Bengkulu (ANTARA News) - Pusat Pendidikan untuk Anak dan Perempuan (Yayasan Pupa) Provinsi Bengkulu mendesak DPR RI menyetujui pengesahan Rancangan Undang-Undang tentang Penghapusan Kekerasan Seksual menjadi UU guna melindungi hak-hak perempuan dan anak.

"Tren kekerasan seksual yang terus bertambah sehingga perlu ada payung hukum berupa UU Penghapusan Kekerasan Seksual. Apalagi, sejak awal tahun 2018 hingga sekarang telah terjadi 113 kasus kekerasan terhadap perempuan dan anak," kata Direktur Yayasan Pupa Susi Handayani saat menggelar jumpa pers di Bengkulu, Minggu.

Yayasan Pupa mendorong DPR RI mempercepat pembahasan dan pengesahan RUU Pengahapusan Kekerasan Seksual untuk memutus mata rantai kekerasan seksual dan memulihkan psikologis korban.

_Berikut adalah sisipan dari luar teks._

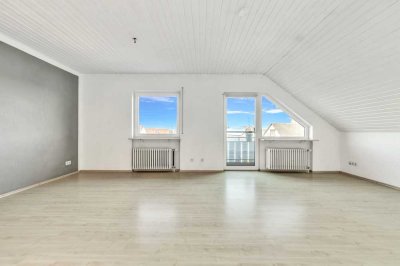 Provisionsfrei! Gepflegte 3-Zimmer-Maisonette-Wohnung, mit Dachstudio und Balkon in Forchheim.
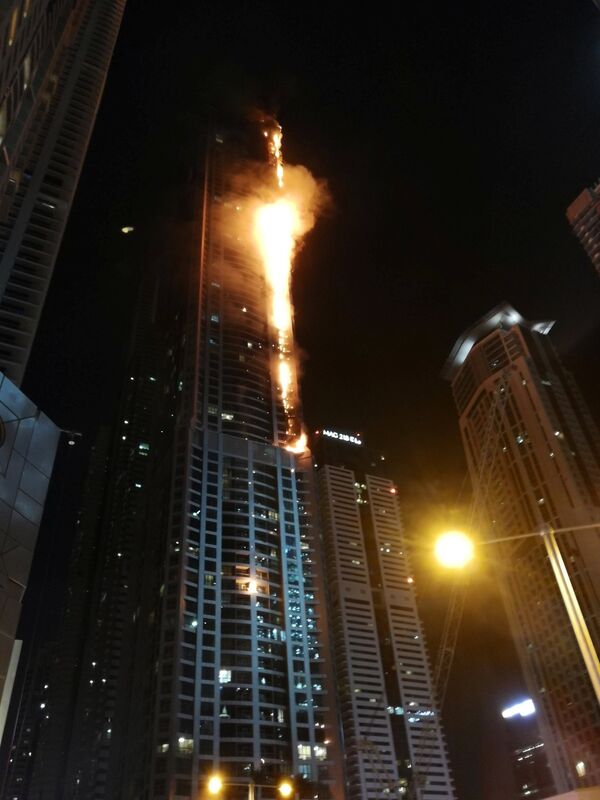 Пожар в небоскрёбе Torch Tower (Факел) в Дубае - Sputnik Кыргызстан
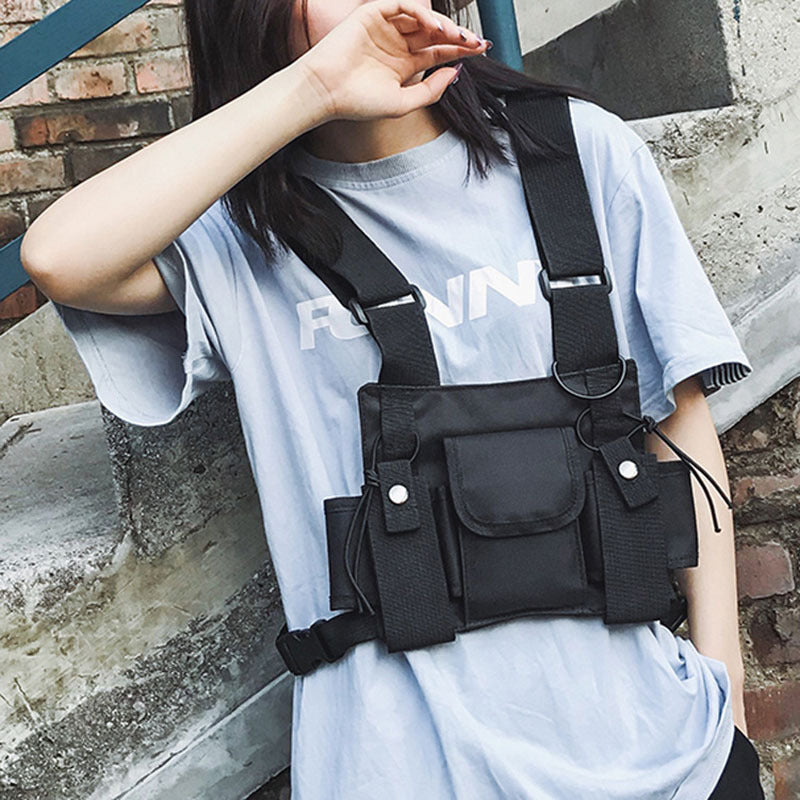 Taktische Hip-Hop-Brusttasche im Hong Kong Style – Bild 6 | LuxeStyle
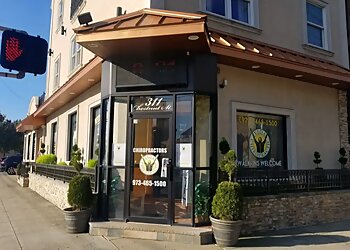 Newark Chiropractors Dr. Paulo J. Pereira, DC - VIDA CHIROPRACTIC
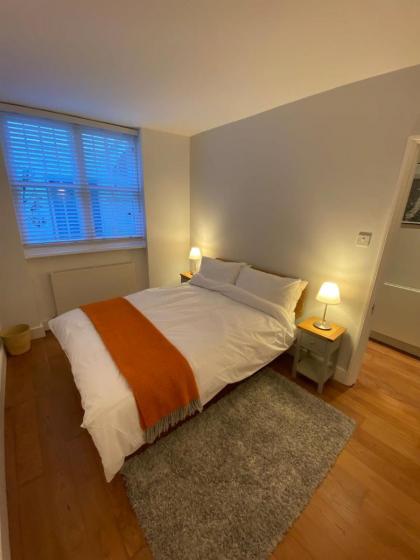 Contemporary 2BD Flat - 1 Min to Pimlico Station! - image 3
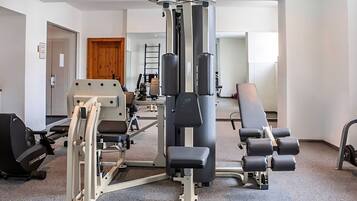 Apartment, 4 Schlafzimmer, barrierefrei, eigener Pool | Fitnessstudio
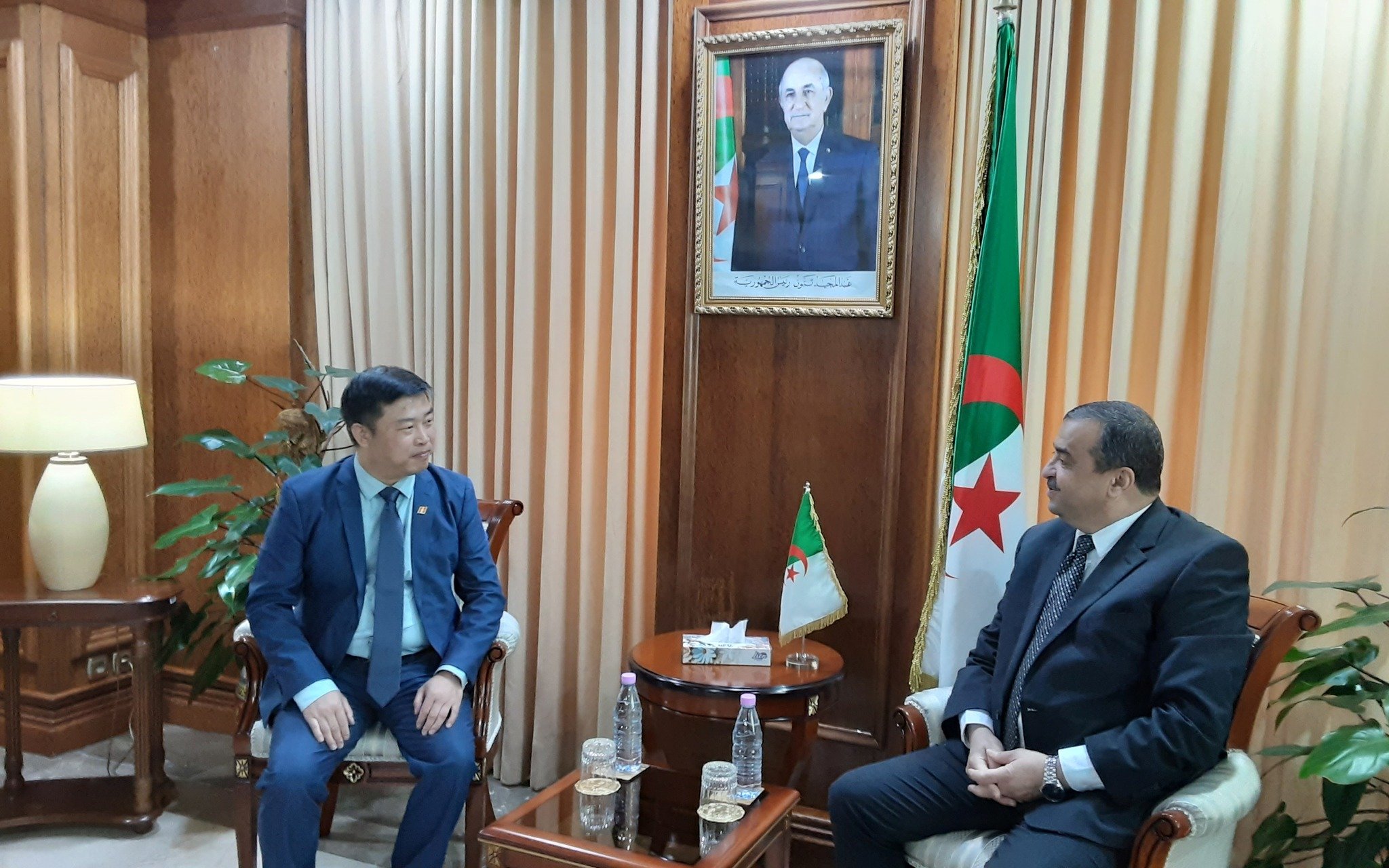 جانب من لقاء وزير المحروقات الجزائري ووفد الشركة الصينية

Berdasarkan catatan Yayasan Pupa, kasus kekerasan terhadap perempuan dan anak di wilayah itu tertinggi adalah kasus perkosaan dengan jumlah 25,6 persen.

Selanjutnya, kasus pencabulan 22 persen, ketiga penganiayaan 22 persen, dan keempat kekerasan dalam rumah tangga (KDRT) 18,6 persen, serta kasus lainnya.

Ia menyebutkan tiga pelaku kekerasan di Bengkulu paling banyak terjadi melalui relasi pertemanan yang mencapai 24 persen, lalu disusul suami 15,97 persen, dan tetangga 14,58 persen.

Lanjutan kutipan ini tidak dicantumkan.